Viran Episkopi is a beautiful village on the western border of the province Mylopotamos and its strange name means ruined Episkopi (Viran in Turkish means ruin and Episkopi in Greek means Diocese). According to Gerola, the village was founded after the liberation of Crete from the Arabs, when some of the old dioceses changed their base. Among them was the diocese of Agrios or Arios, which was moved to this place. It is believed that the new seat of the Diocese of Agrios (or Eleftherni) was the currently restored church of the Saint Irene in Viran Episkopi, around which traces of an imposing three-aisled basilica with interesting architectural parts have been found.
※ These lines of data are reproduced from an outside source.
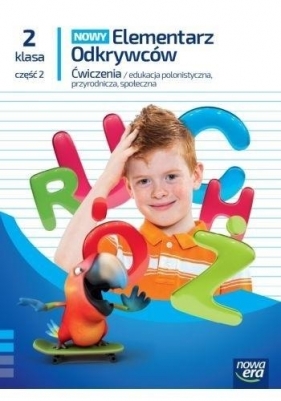 Nowy Elementarz Odywców Neon Klasa 2. część 2. Zeszyt ćwiczeń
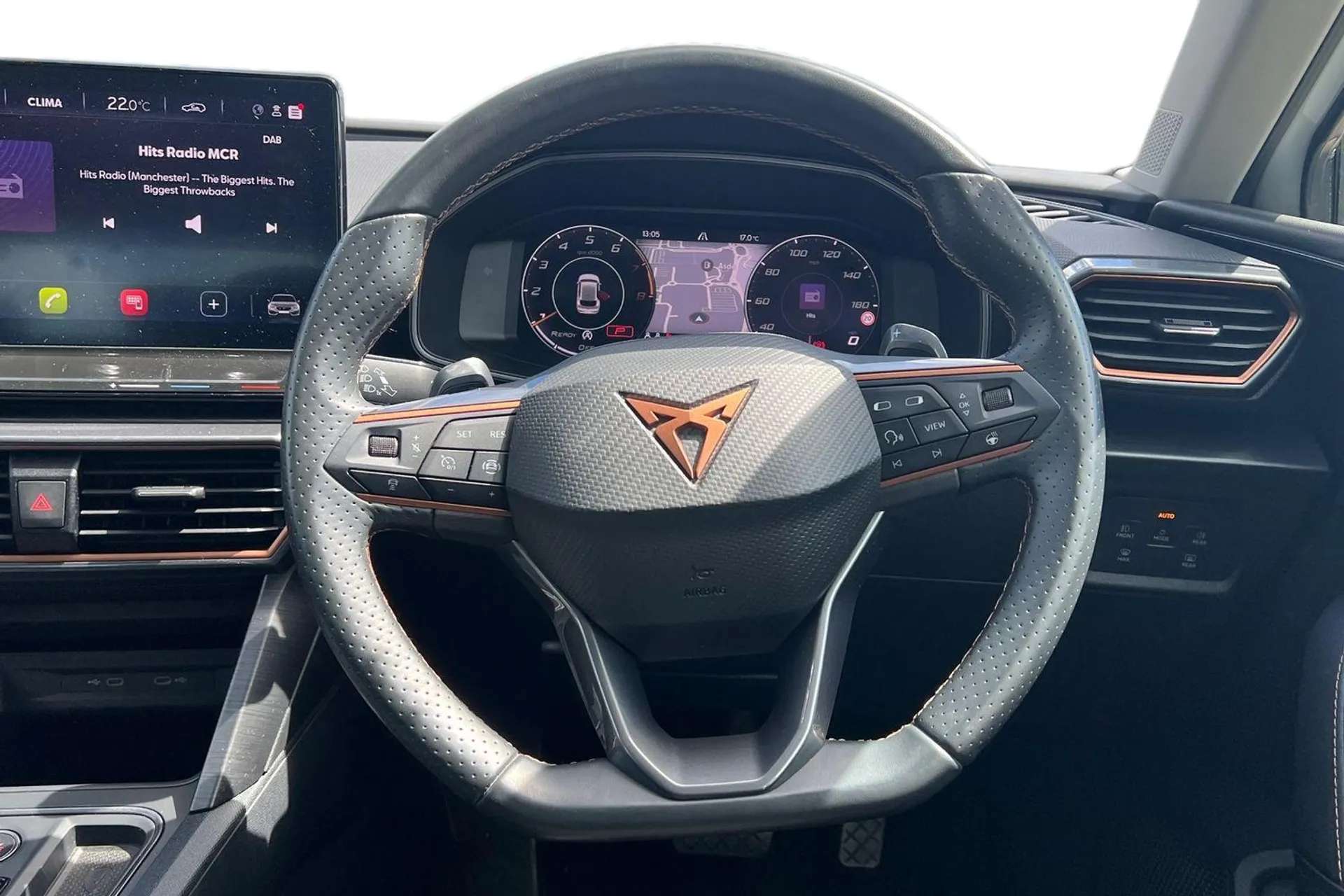 2024 CUPRA LEON 2024 CUPRA LEON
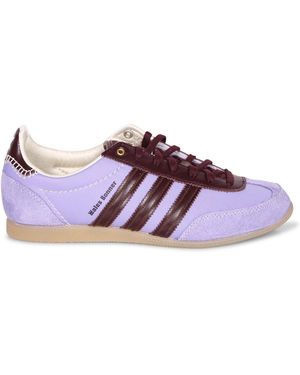 Y-3 Trainers - Purple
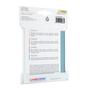 Gamegenic Fundas Dixit 81x122mm (90 unidades)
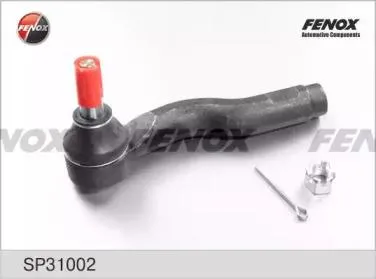 FENOX SP31002 Наконечник рулевой левый Mazda 6 02>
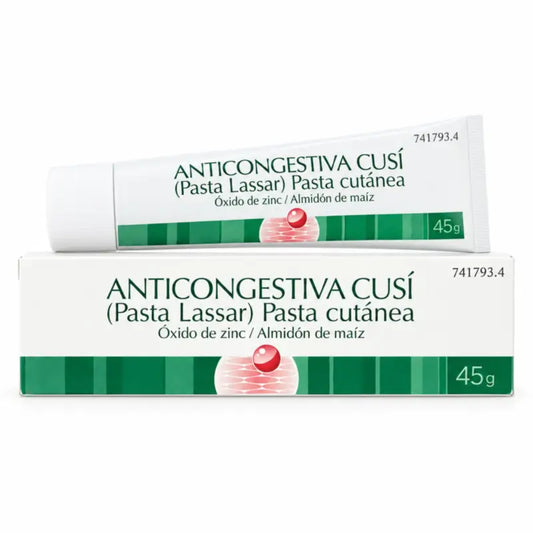 Anticongestive Cusi Ointment 45 g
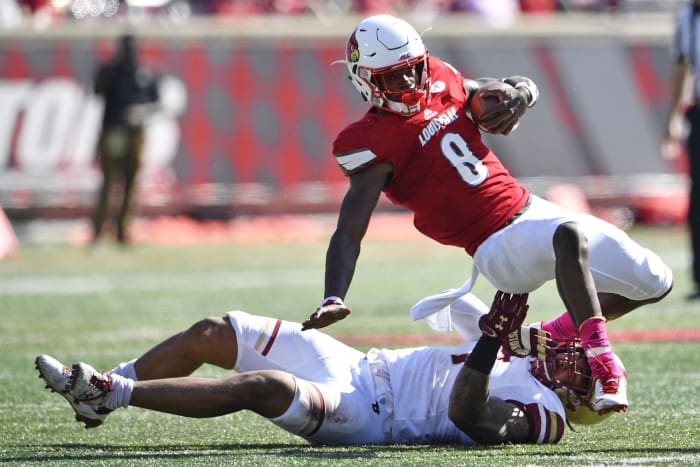 Louisville at Florida State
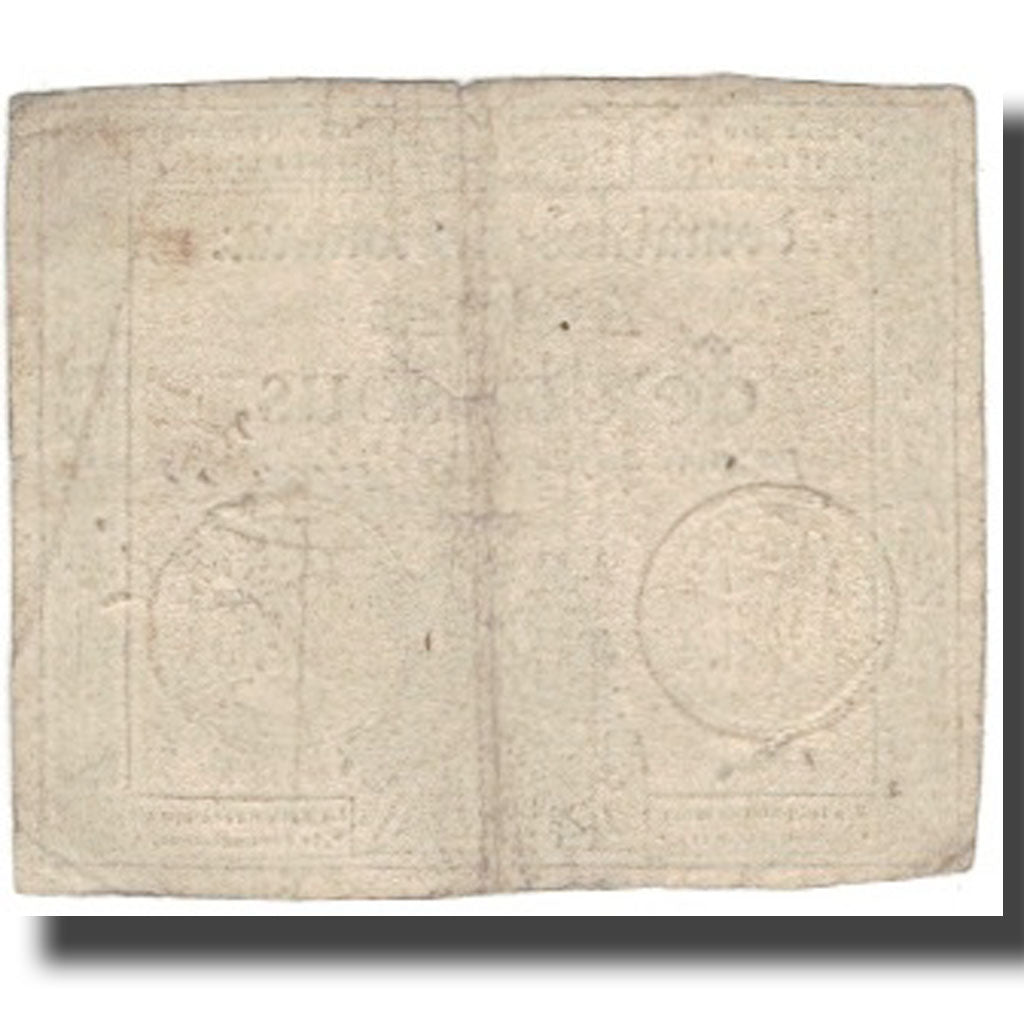 France, 10 Sous, 1792, Guyon, 1792-01-04, TB+, KM:A53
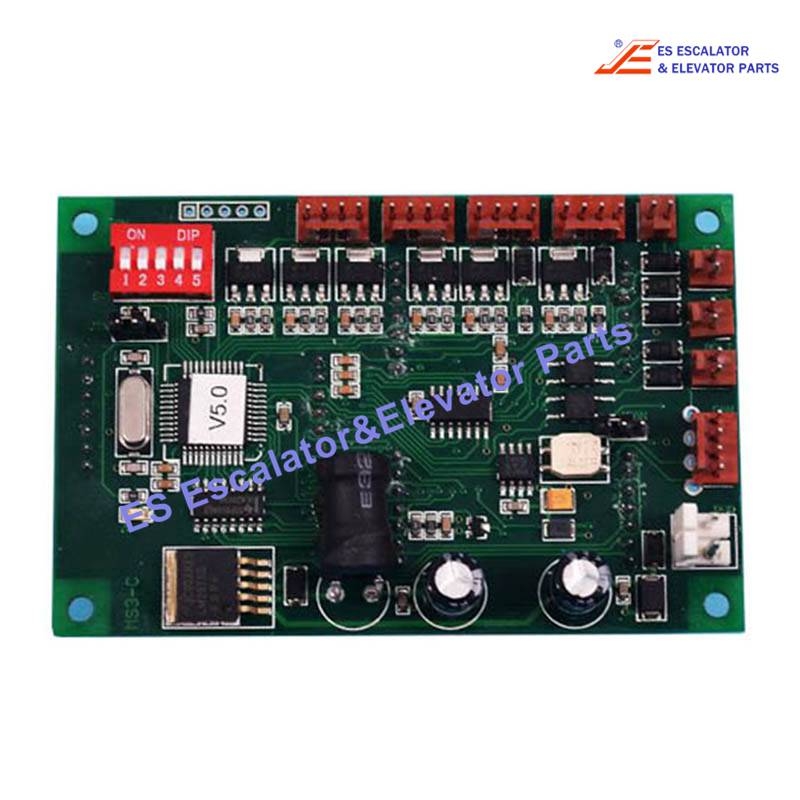 MS3-C Elevator PCB Board Use For Thyssenkrupp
However, there is another imposing temple in the area which is believed that was the episcopal seat, although archaeologists have revealed that it served the bath of the bishops, and this was built on the site of an ancient temple of Artemis. This church is the temple of Saint Demetrius (Agios Dimitrios), located about 1.2 km away from the settlement of Viran Episkopi. Agios Dimitrios today is a very imposing three-aisled basilica with a single-aisled chapel to the south that has a dome, the one aisle of which retains a mural of Saint Demetrius.
The initial bath complex has gone through various phases of conversion to take its current form. The mid-Byzantine bath was originally a two-aisled building with the addition of a domed space, and was later converted into a temple with the addition of an arch to the east, a aisle to the north and a Gothic gate to the west.